The deadline for TxDOT to receive all of those funds: December 2024.

“We’re talking about asking us to identify $730 million within…15 months?” Fuentes said Thursday. “It is going to be really challenging for us.”

“When you look back, that number was identified back in August of 2021…we’ve been communicating that for quite a long time and that’s the stance we have,” responded Heather Ashley-Nguyen, transportation planning and development director at TxDOT.

Tom Wald, executive director of Red Line Parkway Initiative and a former Austin City Council candidate, said TxDOT has made accommodations to many of the initiative’s requested changes, but showed up to Thursday’s mobility meeting to express concerns about the dollar amount the City of Austin is on the hook for.

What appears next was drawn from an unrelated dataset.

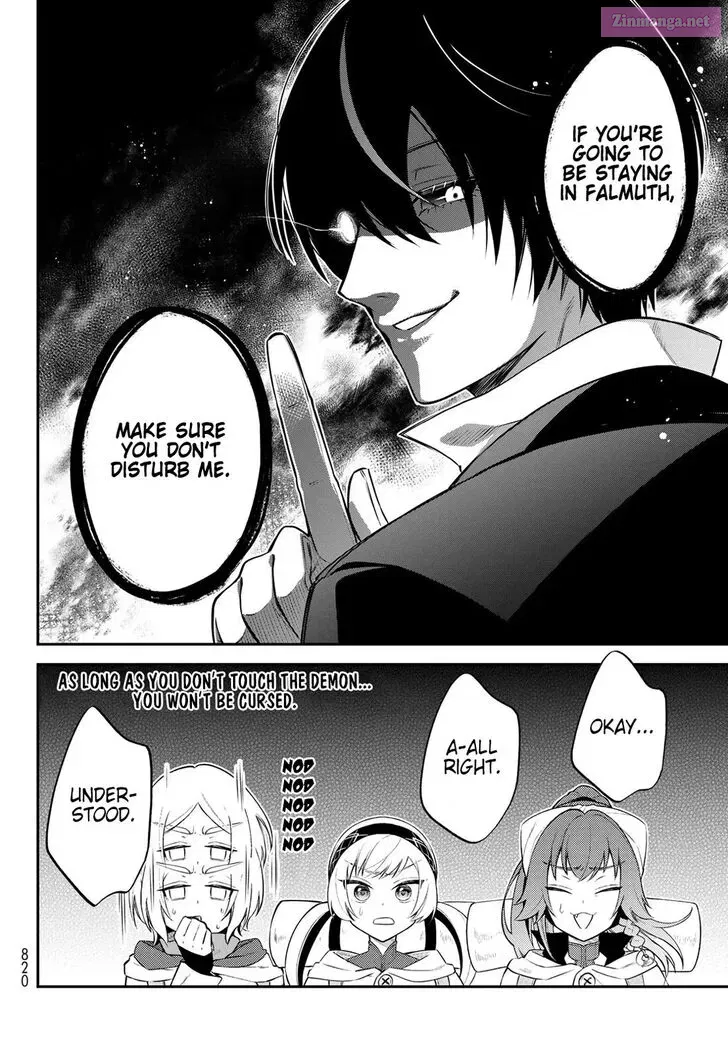 Tensei shitara Slime datta Ken Ibun: Makuni Kurashi no Trinity Chapter 62 page 30 - Mangabat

“The I-35 Capital Expansion project does not include ‘caps’ or ‘stitches’ and I think people in the public should be clear on that. The City and other sources have to come up with that money,” Wald said.

Wald believes those community-requested “caps and stitches” should be a part of the more than $4 billion project.

“So we’re talking about hundreds of millions of dollars that perhaps will be taken away from other needs that the City has such as housing the homeless or keeping our pools open, other transportation needs for walking or biking when really that money from the start should have been coming out of the project,” Wald said.

TxDOT leaders were firm Thursday on when Austin needed to hand over the funding, saying by November a design firm will be picked out, and after that, the state has to move forward with funded portions of the project.

“By next summer, they’re going to be nearing 30% design and they’re going to need to know what to design,” said Ashley-Nguyen.